*** Opening EXERCISE INPUT ***
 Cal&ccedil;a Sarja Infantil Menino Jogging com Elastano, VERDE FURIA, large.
*** Closing EXERCISE INPUT ***
*** Opening EXERCISE INPUT ***
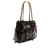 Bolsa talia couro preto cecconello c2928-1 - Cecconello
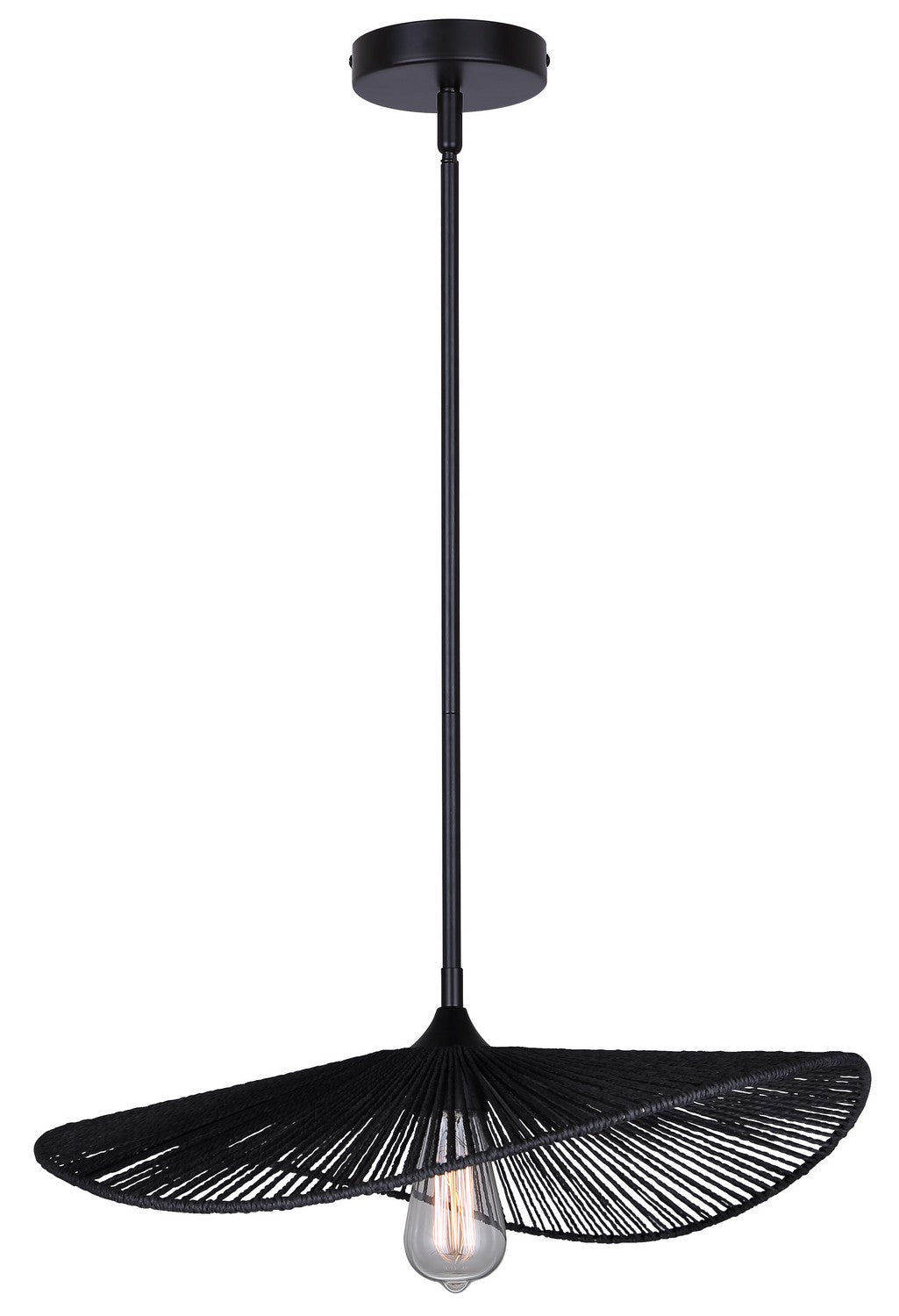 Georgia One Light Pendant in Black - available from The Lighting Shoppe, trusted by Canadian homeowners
*** Closing EXERCISE INPUT ***
HOW TO COMPLETE THIS TASK => Text only, no pictures: please print exactly the lines above from the line with "Bolsa talia couro" up to and including the line with "Georgia One Light", and nothing else.

ANSWER AREA =>
 Bolsa talia couro preto cecconello c2928-1 - Cecconello
 Georgia One Light Pendant in Black - available from The Lighting Shoppe, trusted by Canadian homeowners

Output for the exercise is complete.